BRATTLEBORO—With a boyish smile and a campaign sticker stuck on the lapel of his gray suit, T.J. Donovan paused, making quick eye contact with the nearly 30 Brattleboroites who didn’t know him from another lawyer in a suit from Burlington.
“I know I’m the underdog,” said Donovan, a Democratic candidate for attorney general, as he stood in a horseshoe of potential supporters at his second Brattleboro meet-and-greet on May 3.
Local attorney Thomas W. Costello hosted the gathering to help introduce the 38-year-old Chittenden County State’s Attorney to the southern Vermont crowd. Donovan visited the town after a whirlwind day of campaign stops that included Middlebury, Rutland, and White River Junction.

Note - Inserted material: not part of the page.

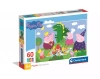 Clementoni Puzzle 60el Świnka Peppa 26204 - zdjęcie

Costello said he supports Donovan primarily because of the lawyer’s courage.
The host asked party attendees to “fight for a great guy with courage against those with power and who have had it [the power] for a long time.”
The incumbent attorney general, Bill Sorrell, has held the office for 15 years. Appointed by then-Gov. Howard Dean in 1997, Sorrell is the longest-serving AG in the state’s history.
Pointing to his many in-court battles with police, Costello said that Donovan “didn’t have to [take on law enforcement], but he had the courage of his convictions to do it.”
Donovan joked that he is the most-sued state’s attorney in Vermont.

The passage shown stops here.